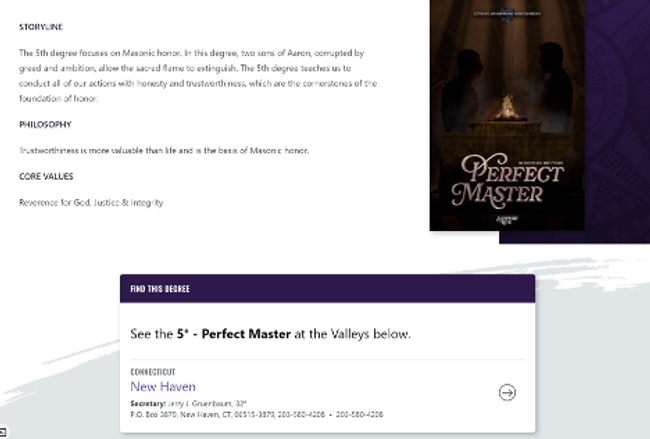 A screenshot displaying the degree details page for the 5th degree, Perfect Master, on the new Scottish Rite, NMJ website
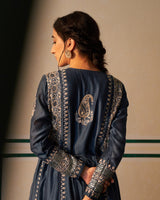 Cobalt Blue Chanderi Anarkali with heavy front and back jali work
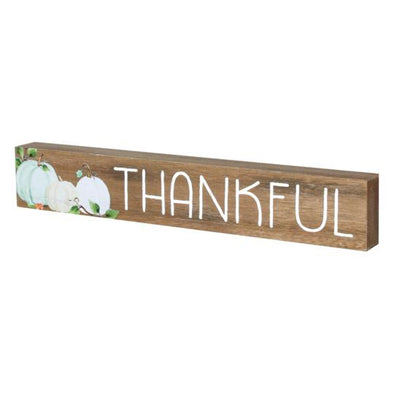 12 Inch Wooden Display Sitter Featuring Pumpkin Design with "Thankful" Text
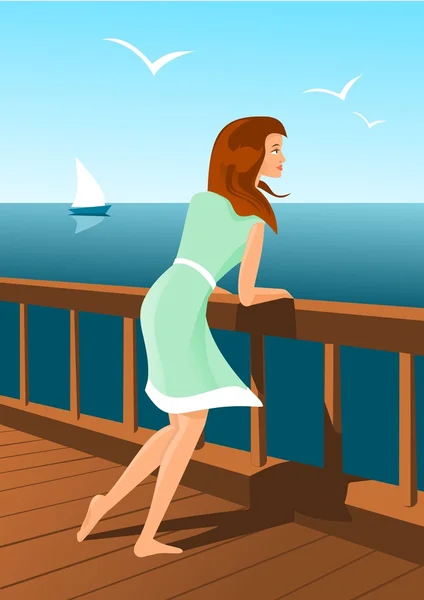 Belle femme sur un bord de mer — Image vectorielle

TASK INSTRUCTIONS: Print the listing exactly, pictures excluded.

RESPONSE TO THE EXERCISE:
 A screenshot displaying the degree details page for the 5th degree, Perfect Master, on the new Scottish Rite, NMJ website
 Cobalt Blue Chanderi Anarkali with heavy front and back jali work
 12 Inch Wooden Display Sitter Featuring Pumpkin Design with "Thankful" Text
 Belle femme sur un bord de mer — Image vectorielle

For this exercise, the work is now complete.